"Polyclonal" is the word to look for; copy each line of the listing where it occurs.
——
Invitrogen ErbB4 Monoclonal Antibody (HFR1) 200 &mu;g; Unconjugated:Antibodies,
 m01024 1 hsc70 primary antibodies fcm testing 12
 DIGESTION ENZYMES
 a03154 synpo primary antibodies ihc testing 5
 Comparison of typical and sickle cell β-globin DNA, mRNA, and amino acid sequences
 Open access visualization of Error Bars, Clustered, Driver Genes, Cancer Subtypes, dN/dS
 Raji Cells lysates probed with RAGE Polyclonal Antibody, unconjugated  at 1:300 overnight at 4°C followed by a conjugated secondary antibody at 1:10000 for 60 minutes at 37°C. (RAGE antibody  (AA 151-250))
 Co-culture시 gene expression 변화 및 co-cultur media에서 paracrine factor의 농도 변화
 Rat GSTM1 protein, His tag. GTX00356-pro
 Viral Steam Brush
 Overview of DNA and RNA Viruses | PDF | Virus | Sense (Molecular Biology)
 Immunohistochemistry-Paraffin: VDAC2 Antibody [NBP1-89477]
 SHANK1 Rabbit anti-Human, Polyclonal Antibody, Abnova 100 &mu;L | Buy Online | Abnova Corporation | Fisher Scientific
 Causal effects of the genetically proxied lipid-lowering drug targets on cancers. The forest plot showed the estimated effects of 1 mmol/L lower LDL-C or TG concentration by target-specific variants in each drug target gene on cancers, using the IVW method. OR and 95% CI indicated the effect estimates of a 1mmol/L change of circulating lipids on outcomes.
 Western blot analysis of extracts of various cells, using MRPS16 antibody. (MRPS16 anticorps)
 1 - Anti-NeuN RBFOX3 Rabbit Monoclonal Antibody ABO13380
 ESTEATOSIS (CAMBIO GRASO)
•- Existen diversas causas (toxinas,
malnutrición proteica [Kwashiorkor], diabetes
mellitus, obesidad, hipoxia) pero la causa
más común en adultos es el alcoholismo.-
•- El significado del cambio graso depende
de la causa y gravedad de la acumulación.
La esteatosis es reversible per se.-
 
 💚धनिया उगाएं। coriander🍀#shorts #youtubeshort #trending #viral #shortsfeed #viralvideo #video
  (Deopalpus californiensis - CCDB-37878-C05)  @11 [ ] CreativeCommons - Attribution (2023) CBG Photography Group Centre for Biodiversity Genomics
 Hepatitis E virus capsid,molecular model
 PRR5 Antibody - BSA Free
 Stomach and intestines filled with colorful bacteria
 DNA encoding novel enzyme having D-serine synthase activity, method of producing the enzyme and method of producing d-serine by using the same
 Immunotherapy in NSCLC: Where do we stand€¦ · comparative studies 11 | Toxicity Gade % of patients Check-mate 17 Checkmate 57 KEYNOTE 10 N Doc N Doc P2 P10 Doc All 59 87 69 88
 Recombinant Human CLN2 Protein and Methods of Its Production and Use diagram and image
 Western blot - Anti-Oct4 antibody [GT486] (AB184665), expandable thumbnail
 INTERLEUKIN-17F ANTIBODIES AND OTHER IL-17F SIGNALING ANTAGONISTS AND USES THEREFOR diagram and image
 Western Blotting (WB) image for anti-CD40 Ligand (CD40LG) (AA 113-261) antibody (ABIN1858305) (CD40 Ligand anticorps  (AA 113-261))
——
=== Expected answer ===
 Raji Cells lysates probed with RAGE Polyclonal Antibody, unconjugated  at 1:300 overnight at 4°C followed by a conjugated secondary antibody at 1:10000 for 60 minutes at 37°C. (RAGE antibody  (AA 151-250))
 SHANK1 Rabbit anti-Human, Polyclonal Antibody, Abnova 100 &mu;L | Buy Online | Abnova Corporation | Fisher Scientific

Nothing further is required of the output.